In the lower diagram, β is the value of θ at which the body starts at rest. It won't fall off until it has traveled at least some distance. So, the body must move through some angle Δθ before falling off. That means that the body must travel through the same change in angle Δθ in the upper diagram before falling off.

Anyway,if we don't rotate it,then the y-component of g_eff (perpendicular to the ground)would be g,so in the equation of the energy conservation we would have mgeffyh=mgh.Or not?

The magnitude of the change in potential energy due to g_eff is mg_effd where d is the distance the body moves parallel to $\vec{g}_{\rm eff}$. In the lower diagram, d is just |Δy'|.

 

[chester20080]

So in the occasion where we don't rotate the system,the initial potential energy would be mg_effd, d would be what?

 

[TSny]

I probably should use a prime on θ to denote the angle from the y' axis in the rotated figure. So, in the rotated figure, the body starts at θ' = β, which corresponds to θ = 0 in the top figure. In the rotated figure, the body falls off for some θ' > β, which means it falls off for some θ > 0 in the upper figure.

 

[TSny]

So in the occasion where we don't rotate the system,the initial potential energy would be mg_effd, d would be what?

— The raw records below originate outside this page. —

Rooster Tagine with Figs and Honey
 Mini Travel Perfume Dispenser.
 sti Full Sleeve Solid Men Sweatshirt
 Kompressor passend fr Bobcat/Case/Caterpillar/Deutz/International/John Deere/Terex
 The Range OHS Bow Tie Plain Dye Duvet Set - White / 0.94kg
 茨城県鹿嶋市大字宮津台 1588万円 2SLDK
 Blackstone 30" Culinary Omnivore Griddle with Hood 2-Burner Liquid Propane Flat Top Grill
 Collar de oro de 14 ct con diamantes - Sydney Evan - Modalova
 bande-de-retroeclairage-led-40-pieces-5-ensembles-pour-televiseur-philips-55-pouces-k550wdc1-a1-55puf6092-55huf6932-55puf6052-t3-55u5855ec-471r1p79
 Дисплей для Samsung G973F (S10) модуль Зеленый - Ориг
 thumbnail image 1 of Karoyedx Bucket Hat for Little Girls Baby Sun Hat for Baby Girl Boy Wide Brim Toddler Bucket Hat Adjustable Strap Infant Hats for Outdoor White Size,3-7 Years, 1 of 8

Draw a figure showing the initial position and final position of the block (where it leaves the surface). Draw a vector between these two positions. This is the displacement vector Δr of the body. d is the component of Δr in the direction of g_eff.

 

[chester20080]

I think I found an equation for the relative velocity,considering the rotated system as you advised me to.I have:
u_relative=$\sqrt{}2R(g-gcosθ+Wsinθ)$. It yields Urelative=0 for θ=0.

 

[TSny]

I think I found an equation for the relative velocity,considering the rotated system as you advised me to.I have:
u_relative=$\sqrt{}2(g-gcosθ+Wsinθ)$. It yields Urelative=0 for θ=0.

Except for a missing R that looks good!